I want to get mean of V1
weighted by V2
and split by V3
and V4
, so I tried aggregate
, it doesn't work because weighted.mean
would only accept one parameter from aggregate
so it's the same as mean
:
df <- data.frame(V1=seq(1, 1.5, 0.1),
V2=seq(6, 1, -1),
V3=c('A','A','A','B','B','B'),
V4=c('F','P','P','P','F','F'))
aggregate(cbind(V1, V2) ~ V3 + V4, data=df, weighted.mean)
V3 V4 V1 V2
1 A F 1.00 6.0
2 B F 1.45 1.5
3 A P 1.15 4.5
4 B P 1.30 3.0
So I have to go back to split
,lapply
and deal with many other stuffs
df1 <- expand.grid(unique(df$V3), unique(df$V4))

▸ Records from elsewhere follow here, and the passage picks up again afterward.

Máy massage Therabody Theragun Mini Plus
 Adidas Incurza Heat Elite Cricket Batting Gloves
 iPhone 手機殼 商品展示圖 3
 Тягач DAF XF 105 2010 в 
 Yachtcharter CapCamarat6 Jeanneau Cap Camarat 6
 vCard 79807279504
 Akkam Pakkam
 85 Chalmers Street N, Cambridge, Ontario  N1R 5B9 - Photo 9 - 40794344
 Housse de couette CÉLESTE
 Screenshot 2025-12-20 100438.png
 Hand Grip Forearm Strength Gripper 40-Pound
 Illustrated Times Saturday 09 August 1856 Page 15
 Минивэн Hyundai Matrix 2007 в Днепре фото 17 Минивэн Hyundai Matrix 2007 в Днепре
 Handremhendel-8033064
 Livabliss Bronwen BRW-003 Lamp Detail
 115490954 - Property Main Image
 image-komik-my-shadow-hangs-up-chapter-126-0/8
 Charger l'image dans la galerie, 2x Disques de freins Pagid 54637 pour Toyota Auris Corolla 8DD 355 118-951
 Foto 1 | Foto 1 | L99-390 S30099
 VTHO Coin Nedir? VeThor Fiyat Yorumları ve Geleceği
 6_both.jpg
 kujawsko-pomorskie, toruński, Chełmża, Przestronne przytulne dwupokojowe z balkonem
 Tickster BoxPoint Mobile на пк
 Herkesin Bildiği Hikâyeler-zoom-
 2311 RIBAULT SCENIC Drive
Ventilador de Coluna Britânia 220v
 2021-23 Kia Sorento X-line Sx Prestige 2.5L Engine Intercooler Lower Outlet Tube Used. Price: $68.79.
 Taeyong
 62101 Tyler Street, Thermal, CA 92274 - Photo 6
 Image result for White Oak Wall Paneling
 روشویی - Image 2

colnames(df1) <- c('V3','V4')
df1$CrossTerm <- interaction(df1$V3, df1$V4)
temp <- sapply(split(df, interaction(df$V3, df$V4)), function(df) weighted.mean(df$V1, df$V2))
df2 <- data.frame(WeightedAvg=temp)
df2$CrossTerm <- rownames(df2)
df3 <- merge(df1, df2, by="CrossTerm")
df3$CrossTerm <- NULL
df3
V3 V4 WeightedAvg
1 A F 1.000000
2 A P 1.144444
3 B F 1.433333
4 B P 1.300000
But it's a ugly and possibly buggy solution, is there any better solution to get a similar result like this? The format is important and should be as similar to my output as possible(sequence of rows can be different).